What the task asks: Would it be possible to output exactly, and only, the lines below from the one holding "Smiling kid holding" to the last line, both included, with every picture left out?
[Extracted data — start]
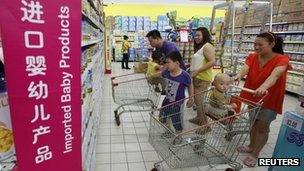 A family looks at foreign imported milk powder products at a supermarket in Beijing July 3, 2013.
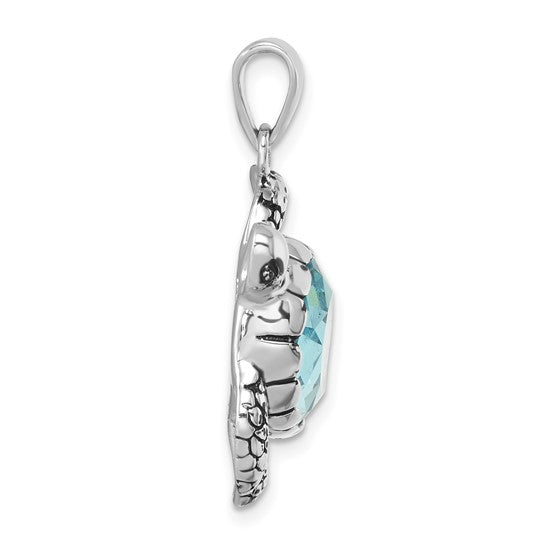 The Presco/Quality Gold Crystal Medium Turtle Pendant features a detailed turtle design with a faceted blue gemstone shell and silver loop—an elegant jewelry piece perfect for any collection.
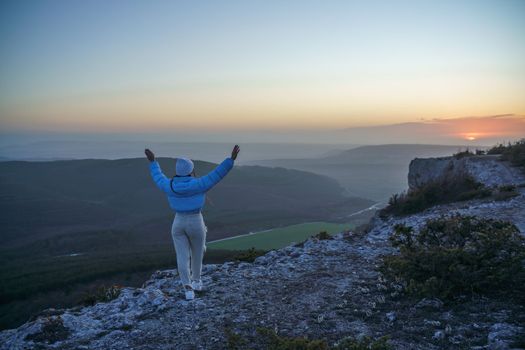 Woman hiker open arms on top of sunrise mountain. The girl salutes the sun, wearing a blue jacket, white hat and white jeans. Conceptual design.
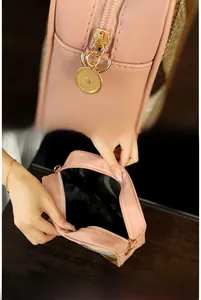 Detail of pink PU leather camera bag featuring a smooth gold zipper and wide black interior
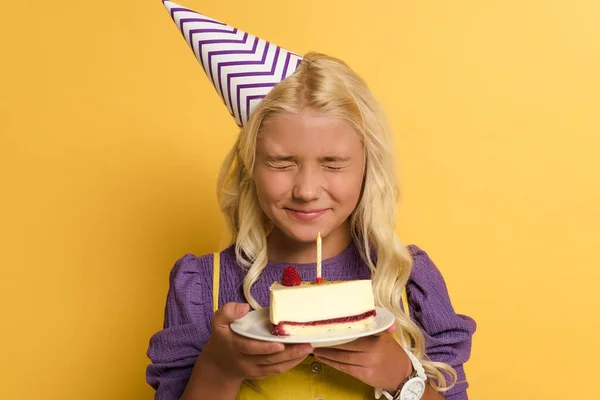 Smiling kid holding plate with birthday cake and making wish on yellow background — Stock Photo
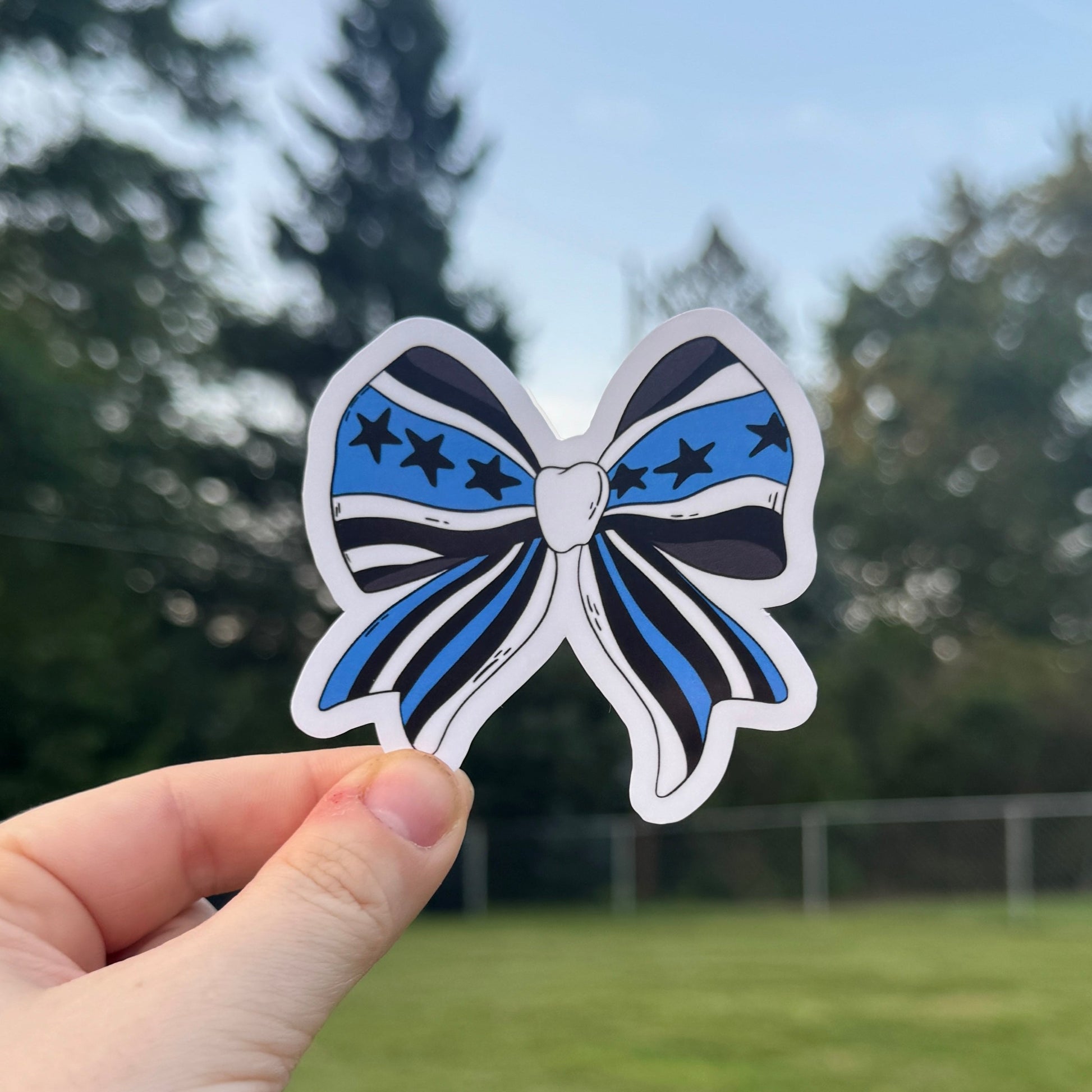 Hand holding a blue and white striped bow sticker outdoors with trees in the background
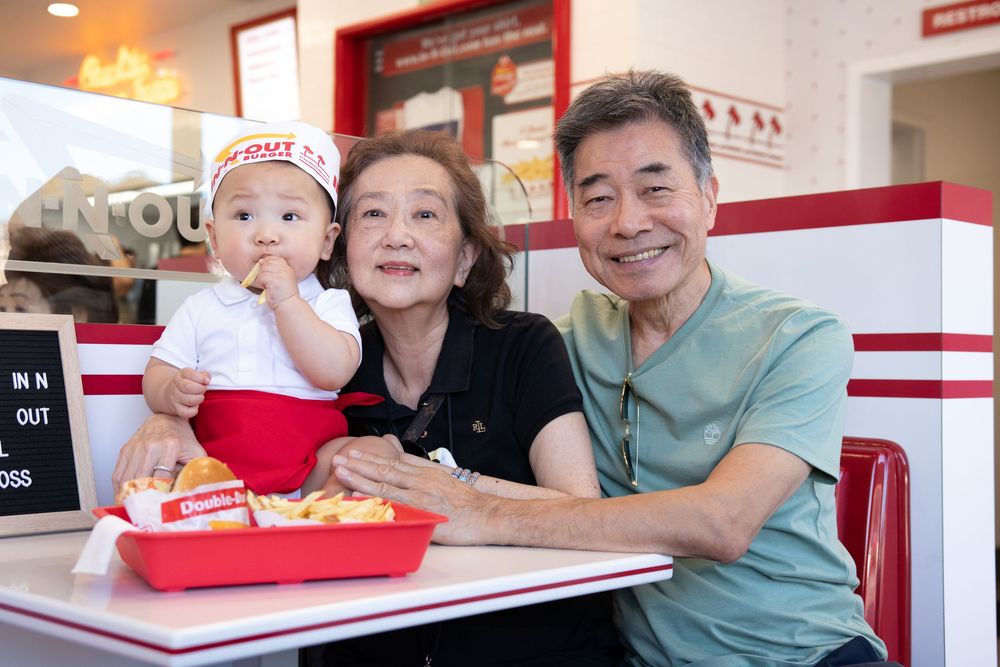 Grandparents and baby enjoy a meal at In-N-Out Burger, smiling together at a red booth.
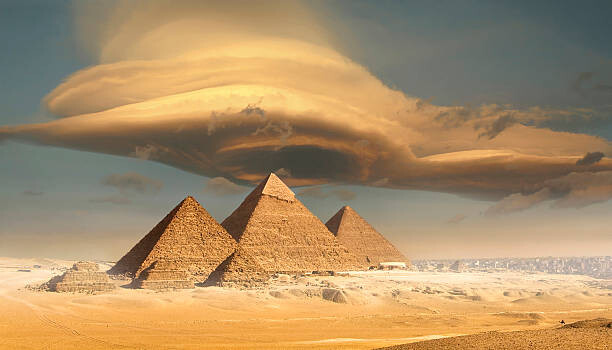 Художествена фотография Dramatic storm cloud above pyramids, Giza, Egypt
[Extracted data — finish]
Reply:
 Smiling kid holding plate with birthday cake and making wish on yellow background — Stock Photo
 Hand holding a blue and white striped bow sticker outdoors with trees in the background
 Grandparents and baby enjoy a meal at In-N-Out Burger, smiling together at a red booth.
 Художествена фотография Dramatic storm cloud above pyramids, Giza, Egypt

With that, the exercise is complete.